Set down the full listing below word for word; pictures stay out of the copy.

- [INFORMATION SHOWN]
Start of Block

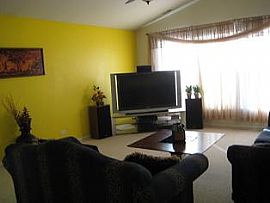 Bright, Beautiful 3 Bedroom Townhouse - Professionally Painted in Aurora, IL (Photo 5 of 6)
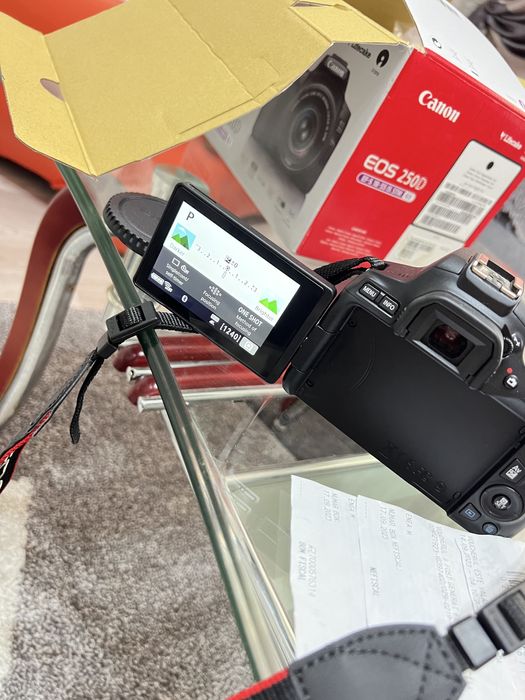 Canon 250d cu obiectiv 18-55mm,ca nou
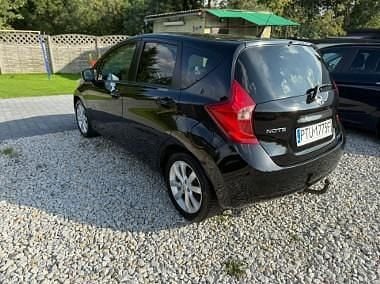 Czarny Używany 2016 Nissan Note Minivan | 20 000 zł (Uczciwa cena) - Obraz 1/4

End of Block

- [EXPECTED ANSWER]
 Bright, Beautiful 3 Bedroom Townhouse - Professionally Painted in Aurora, IL (Photo 5 of 6)
 Canon 250d cu obiectiv 18-55mm,ca nou
 Czarny Używany 2016 Nissan Note Minivan | 20 000 zł (Uczciwa cena) - Obraz 1/4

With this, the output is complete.